Contact: studlandbeach@nationaltrust.org.uk

  Ballard Down to the south is a chalk down and was once joined to the Needles on the Isle of Wight. Much time and erosion has removed some 20 miles of chalk from west to east, and many streams and rivulets have joined force to generate a rather large puddle now called Poole Harbour which escapes to the sea at a weak point which became North/South Haven and 'connected' by the Sandbanks ferry.
The Bankes Arms in Studland village has it's own web site www.bankesarms.com which details it's history and what it has to offer to the visitor.

  We have described on the Sandbanks page how Poole and Swanage were relatively divorced from each other and how much time expired before a through route courtesy of the ferry evolved. There is tendency to assume that Studland is purely a tourist location where in fact it is also a commercial traffic route albeit small scale.
  From the ferry, south to Studland village, and surrounding the village is mostly open heath/country having suffered mainly from the ravages of climate rather than humanity.
  To the west Studland evolves to mainly heathland and into Rempstone, Godlingston and Corfe taking in delightful locations such as Arne, and being cut off by the River Frome and Wareham which of course is all about it being part of The Isle of Purbeck.

  There are quite a number of points along the south of Poole Harbour that were many landing/jumping off points for local commerce/industry back into Roman occupation and earlier, but we are again talking small-scale compared to modern-day industry, fortunately much is now left to nature and to a large degree preserved by the National Trust which owns most of Studland having been bequeathed it by the Bankes family in the person of Ralph Bankes on his death in 1981.

  We must be grateful that the property expansion that is Sandbank's 'fate' is not replicated on the Studland side of the channel, except in one place which is Glebelands near Studland village and mentioned later.
  World World II did effectively close Studland down, including the ferry, to the public since it was used both as a training and defensive area, the beach decorated with swathes of barbed wire and tank-traps.

St. Nicholas Church


  Although not the prettiest church in Purbeck this is a building that outwardly appears as a small chapel with two lumps added on. That aside it is very worthy a visit and has many interesting architectural and constructional features including two gargoyles seemingly having a sexual assignation.
  The build date is believed around 1050, just before the conquest. Part of the original church has been rebuilt, or built on, making a mix of Norman and Saxon build which makes it very unusual in England let alone Purbeck.
  The church courtesy of poor foundations, which may have been of an earlier building, or overenthusiastic change has suffered structurally over the centuries. It has been suggested that attempts to keep it functional were because it was of greater importance than just a village church and administered a larger area than Studland village.

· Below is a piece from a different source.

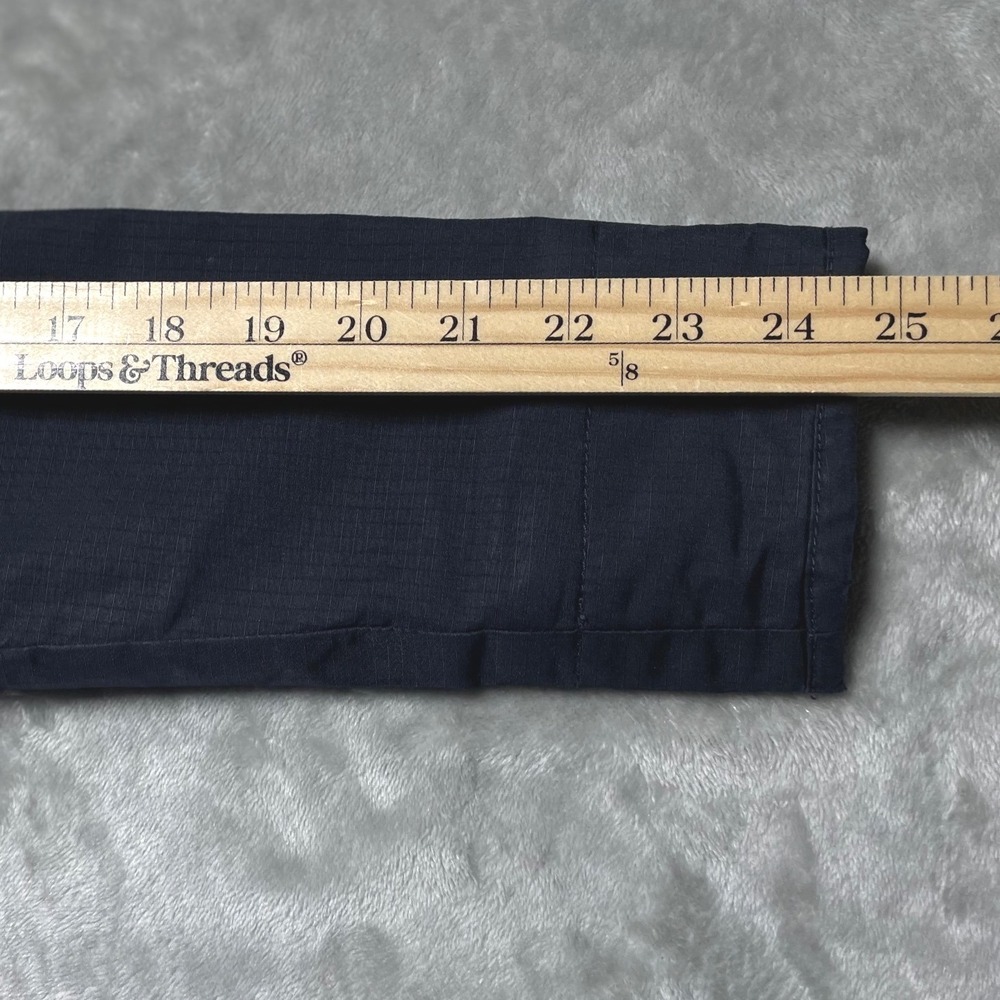 Hollister Navy Blue All-Weather Jacket Fleece Lined Removable Hood XS No Fur - Picture 11 of 15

< Studland                                         Glebelands                                         Ballard Down  >

  Glebelands has a strange attaching story in that it was church property that was put up for sale and the Bankes family agent who was instructed to go to London to purchase it missed his train and it was thus sold to developers. The early buildings of the 1930s were modest but time has seen them replaced with some 35 moderate to luxury properties commanding some very high prices courtesy of the location.
  Some owners do open their gardens to the public at various times in the year in an endeavour to collect for charitable purpose.



Agglestone - 400 tons of pre-history
  If you venture west from the village you are moving on to what is Studland Heath where you find standing alone, The Agglestone, a 400 ton lump of sandstone that has been left after all around it had been weathered away. Size wise it is some 16 feet high and 30 feet across. It had retained an upright mushroom type stance until September 1970 when it tumbled on to it's 'side', as you now find it.
  Myth, legend and folklore surround it, the favourite stories being based on the Devil on the Isle of Wight seeing Studland church being built and throwing a boulder, or rather his nightcap, to try and demolish it. This gave The Agglestone it's other name which is the Devil's Nightcap. Similar versions being that the target was either Corfe Castle or Old Harry (which some consider a reference to the Devil thus unlikely), whichever, he missed !
  Theories as to it's presence have included movement by glacier, and placement by Bronze-Age man either as the marker for a barrow or as sacrificial site on the strength of it being visible from a great distance, well, a few miles perhaps.

  Just to the northwest of the Agglestone is another smaller stone known as the Puckstone, and to the southwest the Isle of Purbeck Golf Course skirted by the B3351 to Corfe.